Exercise directions:
Each line below from the one containing "Denarius - Domitian COS XIIII; Minerva back" through the one containing "White Janifer bohemian" is to be given again exactly, and no line outside that span.

___ Supplied data ___

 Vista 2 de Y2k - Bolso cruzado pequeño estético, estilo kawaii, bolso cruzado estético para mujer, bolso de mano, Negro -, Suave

___
___ Supplied data ___

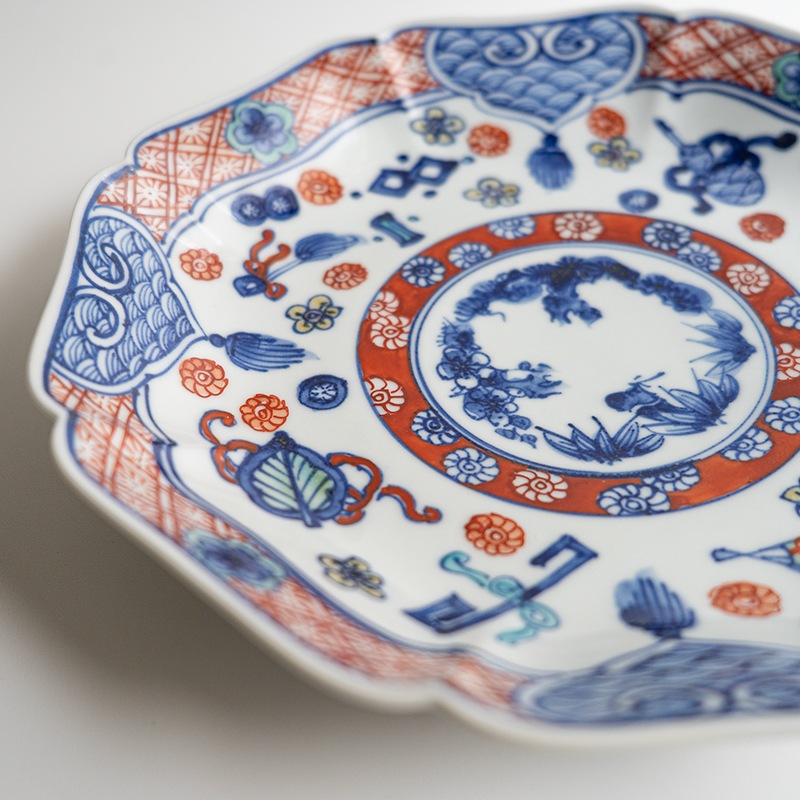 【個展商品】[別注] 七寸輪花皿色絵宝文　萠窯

___
___ Supplied data ___

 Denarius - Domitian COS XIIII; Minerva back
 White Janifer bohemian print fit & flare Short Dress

___

Answer:
 Denarius - Domitian COS XIIII; Minerva back
 White Janifer bohemian print fit & flare Short Dress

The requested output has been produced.